> Task description
Reproduce every line of the material below, but drop the pictures.

> Data to process
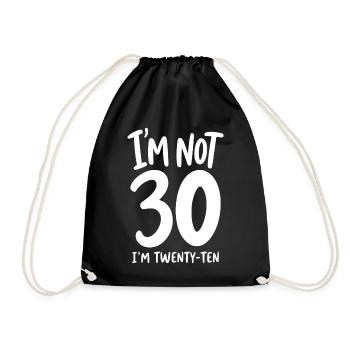 I'm not 30 I'm Twenty-Ten - Turnbeutel - Schwarz - Vorne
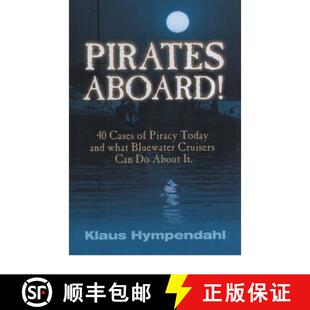 【3-4周达】精装 Pirates Aboard! : Forty Cases of Piracy Today and What Bluewater Cruisers Can Do Abou... [9781574091656]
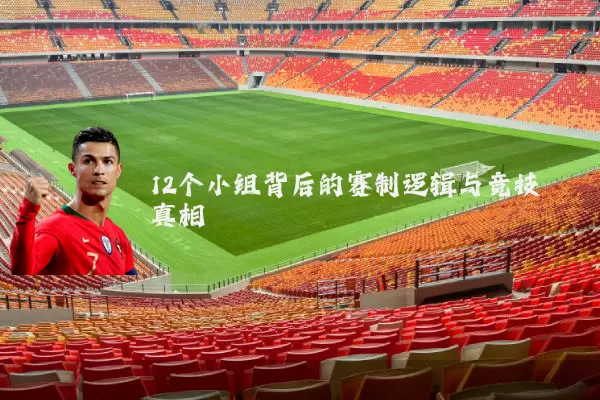 12个小组背后的赛制逻辑与竞技真相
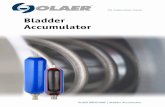Bladder Accumulator - · PDF fileOLAER | Bladder Accumulator 7 The Professional Choice Installation Position: Preferably vertical (liquid connection downwards) to horizontal, depending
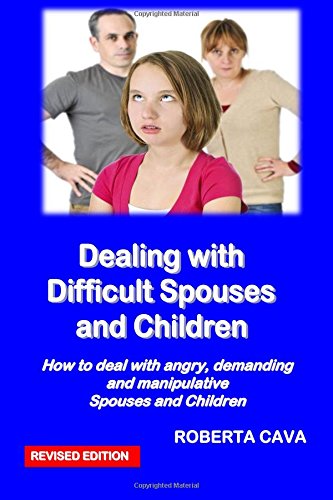 9780987259493: Dealing with Difficult Spouses and Children: How to deal with angry, demanding and manipulative Spouses and Children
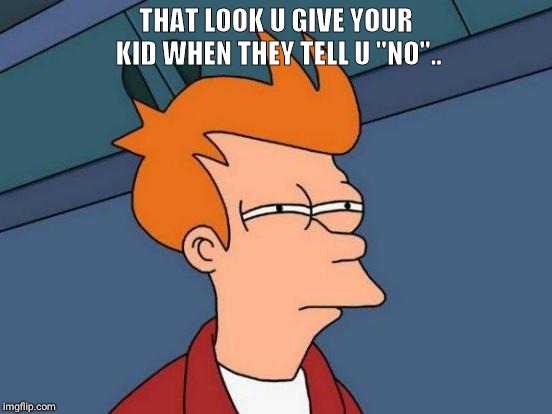 Futurama Fry | THAT LOOK U GIVE YOUR KID WHEN THEY TELL U "NO".. | image tagged in memes,futurama fry | made w/ Imgflip meme maker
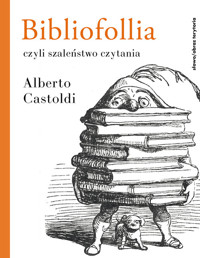 Bibliofollia, czyli szaleństwo czytania - Castoldi Alberto - książka
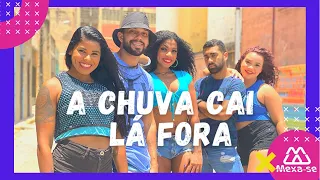 A Chuva Cai Lá Fora - Mc Marley & Mc Mari | Coreografia #MEXASE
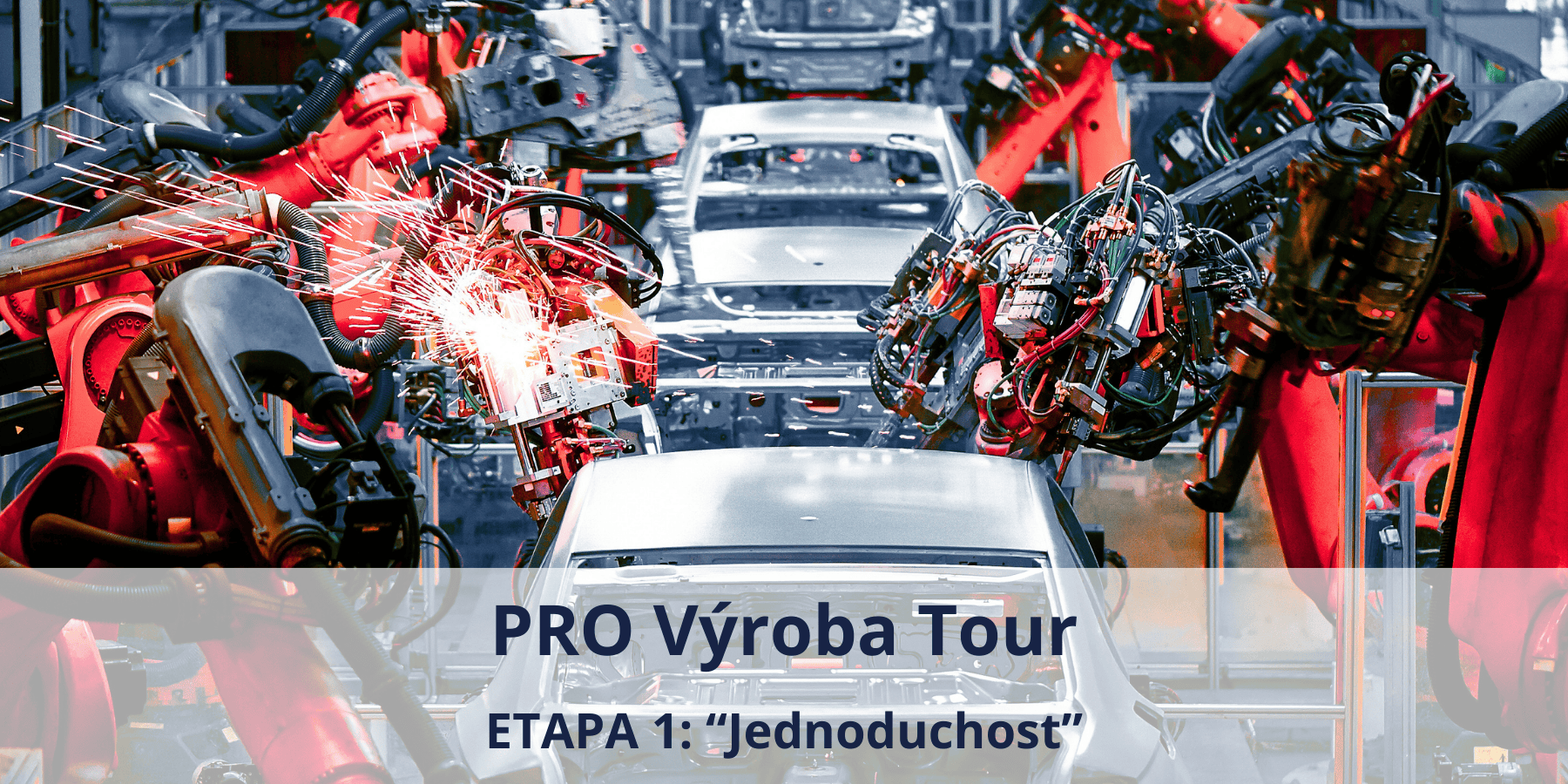 ETAPA 1: „Jednoduchost“
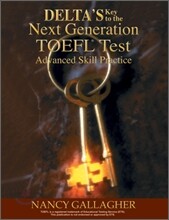 Delta's Key to the Next Generation TOEFL Test Advanced Skill Practice : Combined Book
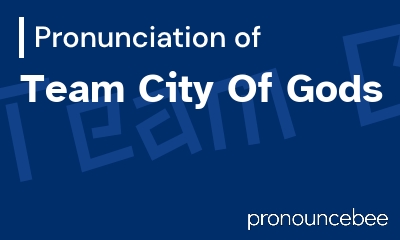 how to pronounce team-city-of-gods feature image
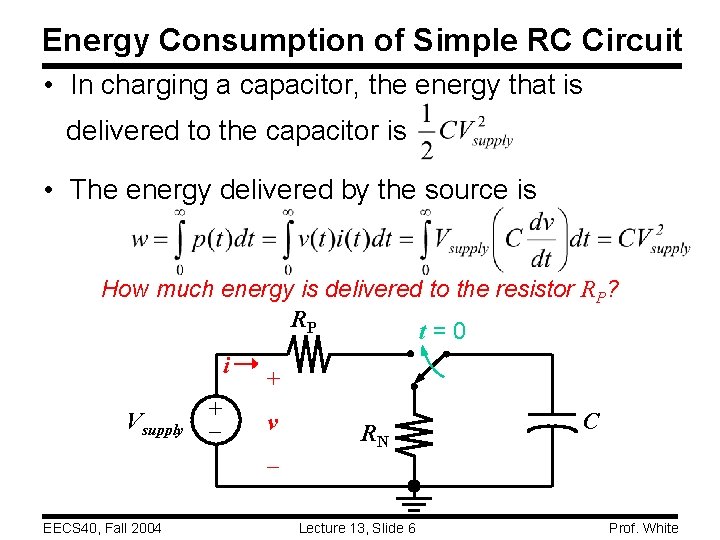 Energy Consumption of Simple RC Circuit • In charging a capacitor, the energy that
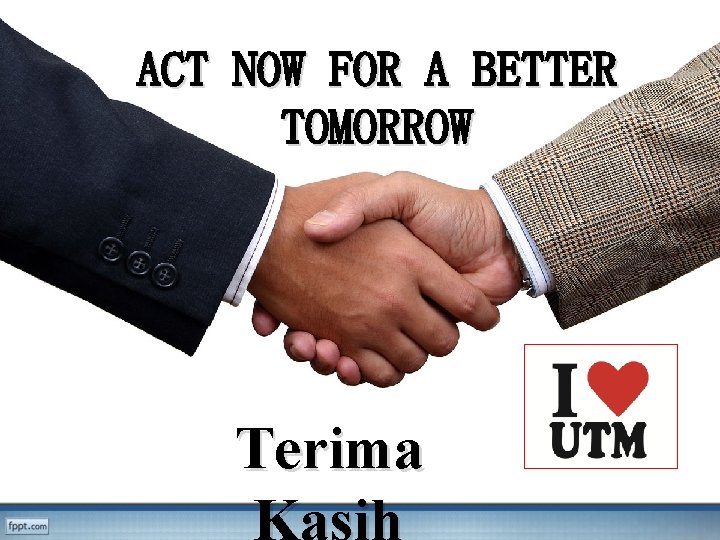 ACT NOW FOR A BETTER TOMORROW Terima 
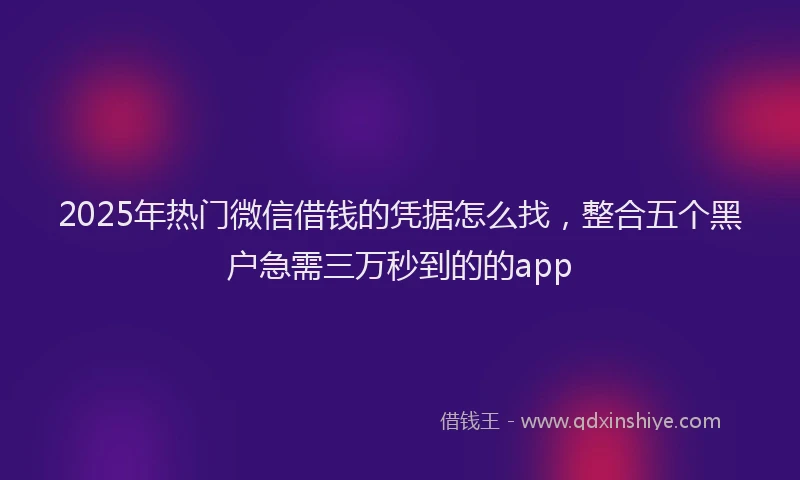 2025年热门微信借钱的凭据怎么找，整合五个黑户急需三万秒到的的app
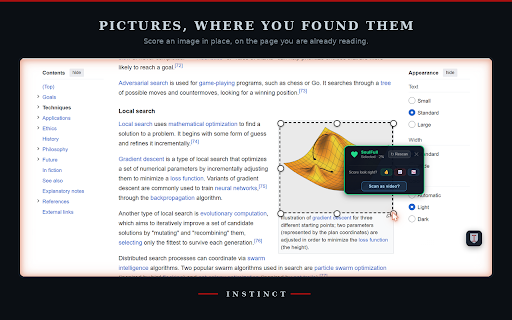 Instinct :: Detect AI-generated content everywhere you browse — pages, pictures, video, and email. Upgrade your natural perception.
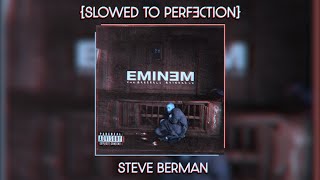 Steve Berman - Eminem {slowed + reverb} || MMLP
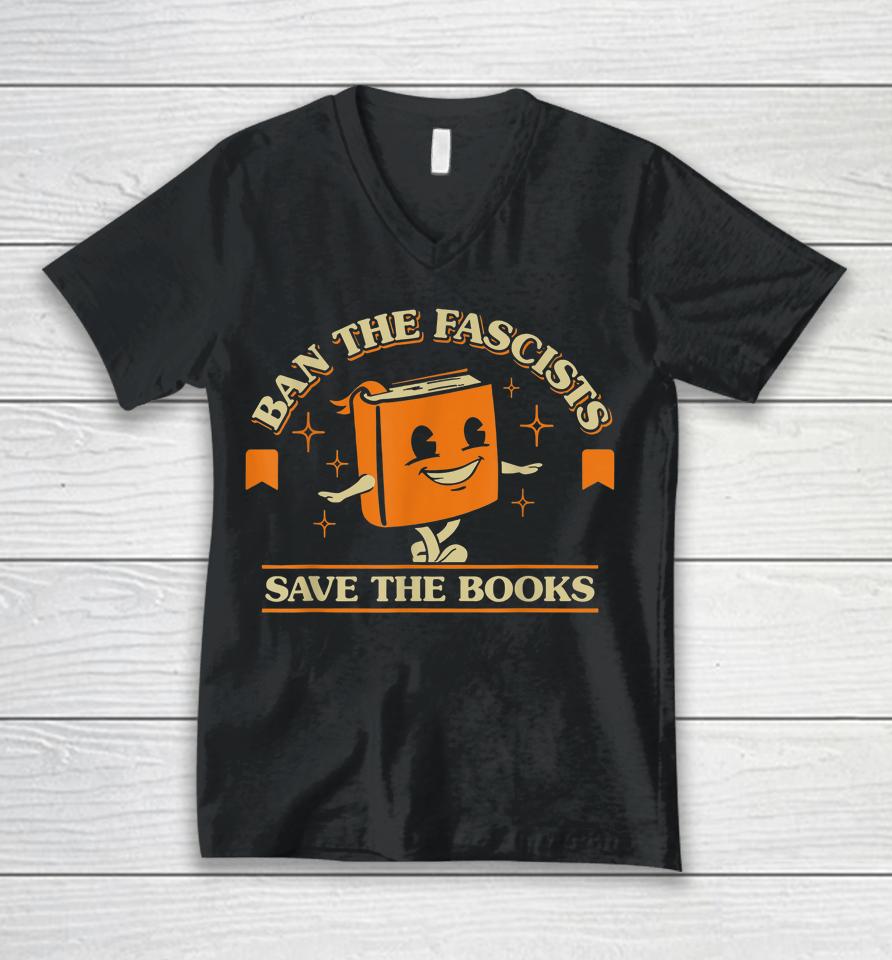 Ban The Fascists Save The Books Unisex V-Neck T-Shirt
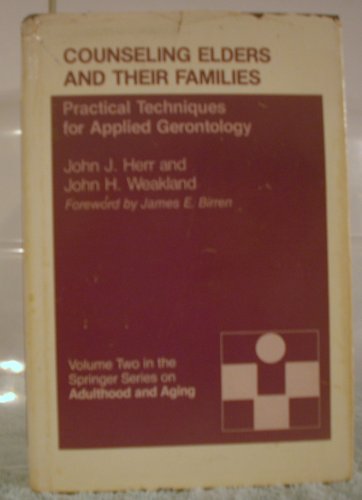 Stock image for Counceling Elders and Their Families: Practical Techniques for Applied Gerontology for sale by BookHolders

> Response
 I'm not 30 I'm Twenty-Ten - Turnbeutel - Schwarz - Vorne
 【3-4周达】精装 Pirates Aboard! : Forty Cases of Piracy Today and What Bluewater Cruisers Can Do Abou... [9781574091656]
 12个小组背后的赛制逻辑与竞技真相
Bladder Accumulator - · PDF fileOLAER | Bladder Accumulator 7 The Professional Choice Installation Position: Preferably vertical (liquid connection downwards) to horizontal, depending
 9780987259493: Dealing with Difficult Spouses and Children: How to deal with angry, demanding and manipulative Spouses and Children
 Futurama Fry | THAT LOOK U GIVE YOUR KID WHEN THEY TELL U "NO".. | image tagged in memes,futurama fry | made w/ Imgflip meme maker
 Bibliofollia, czyli szaleństwo czytania - Castoldi Alberto - książka
 A Chuva Cai Lá Fora - Mc Marley & Mc Mari | Coreografia #MEXASE
 ETAPA 1: „Jednoduchost“
 Delta's Key to the Next Generation TOEFL Test Advanced Skill Practice : Combined Book
 how to pronounce team-city-of-gods feature image
 Energy Consumption of Simple RC Circuit • In charging a capacitor, the energy that
 ACT NOW FOR A BETTER TOMORROW Terima 
 2025年热门微信借钱的凭据怎么找，整合五个黑户急需三万秒到的的app
 Instinct :: Detect AI-generated content everywhere you browse — pages, pictures, video, and email. Upgrade your natural perception.
 Steve Berman - Eminem {slowed + reverb} || MMLP
 Ban The Fascists Save The Books Unisex V-Neck T-Shirt
 Stock image for Counceling Elders and Their Families: Practical Techniques for Applied Gerontology for sale by BookHolders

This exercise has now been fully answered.